Some newer Nikon blocks have 1µm marks. I also have one of those. The appearance seems to differ in a predictive way, at least from my samples--the older 2µm blocks have a coarse focus wheel with big, bumpy knurling; the newer 1µm blocks have a coarse focus wheel with smaller, uniformly-ridged knurling. There may be exceptions--this is only my experience. To see one of each, compare the second and third pictures in
this post.
Also, Dunksargent posted nice images of the older style Nikon block in
this thread.
Both the the new and old style Nikon blocks work really well in my experience, and I happily use either. The Olympus BHMJ that I use for subject positioning is also very good, and could easily handle use as the stacking movement, as others have shown. I have a few more of these Olympus blocks in the basement, slated for various projects I have in mind.
My Newport 462 linear stage does not perform remotely at the level pf any of my microscope focus blocks. Backlash, stiction, smoothness, lack of ability to switch between coarse and fine movement--there are many reasons I prefer focus blocks for stacking. If this linear stage is representative--and it may not be--my sense is that they are useful for pre-shooting positioning of subject or camera, but strongly suboptimal for providing stacking movement. But there are a wide range of linear stages, and I have no idea how most of them behave.
Ab, wonderful images! You did yourself proud, here.

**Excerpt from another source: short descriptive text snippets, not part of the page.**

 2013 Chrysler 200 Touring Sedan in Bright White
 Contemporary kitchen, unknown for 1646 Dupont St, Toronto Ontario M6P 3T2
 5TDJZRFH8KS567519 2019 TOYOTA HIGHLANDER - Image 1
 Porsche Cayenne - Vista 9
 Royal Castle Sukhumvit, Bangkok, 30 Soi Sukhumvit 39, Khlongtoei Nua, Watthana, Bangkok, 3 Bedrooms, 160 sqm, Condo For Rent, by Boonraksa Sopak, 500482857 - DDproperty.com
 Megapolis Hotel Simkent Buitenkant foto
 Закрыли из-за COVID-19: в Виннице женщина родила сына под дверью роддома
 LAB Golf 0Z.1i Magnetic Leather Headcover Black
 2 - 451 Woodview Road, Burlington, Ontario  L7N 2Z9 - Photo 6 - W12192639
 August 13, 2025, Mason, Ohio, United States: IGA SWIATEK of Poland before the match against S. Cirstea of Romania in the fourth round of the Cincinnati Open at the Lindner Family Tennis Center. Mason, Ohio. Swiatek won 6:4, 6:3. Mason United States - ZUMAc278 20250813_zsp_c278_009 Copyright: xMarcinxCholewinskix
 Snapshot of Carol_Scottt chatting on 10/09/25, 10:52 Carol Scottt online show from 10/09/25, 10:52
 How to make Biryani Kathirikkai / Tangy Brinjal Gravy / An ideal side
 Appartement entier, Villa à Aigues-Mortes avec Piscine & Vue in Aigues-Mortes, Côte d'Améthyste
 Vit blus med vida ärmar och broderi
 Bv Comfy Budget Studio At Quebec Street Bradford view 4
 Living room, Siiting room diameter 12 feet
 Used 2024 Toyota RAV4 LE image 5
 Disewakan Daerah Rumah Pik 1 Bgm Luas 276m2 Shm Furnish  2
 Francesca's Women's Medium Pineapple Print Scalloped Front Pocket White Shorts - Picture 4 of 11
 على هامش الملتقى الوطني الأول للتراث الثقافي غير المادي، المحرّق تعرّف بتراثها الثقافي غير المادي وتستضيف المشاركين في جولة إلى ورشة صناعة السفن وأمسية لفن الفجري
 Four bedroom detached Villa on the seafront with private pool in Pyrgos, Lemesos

As to those who prefer to crank by hand, this must be serious different- strokes-for-different-folks territory. Cool that there are people who find a kind of zen in it--but for me, it would be brutal drudgery. With automation, I love the fact that I can spend my time on thinking about what to show, how to show it, what to do with light, etc.--and then walk away and let the machine do the repetitive chores. I can PP a stack while the machine is shooting another. For me, a high-mag macro rig is a question-answering machine, in that it sees in ways that have never been seen before; I'd rather be thinking about new questions, and pondering over answers that inevitably lead to more questions, than sitting in the dark turning a knob 1500 times.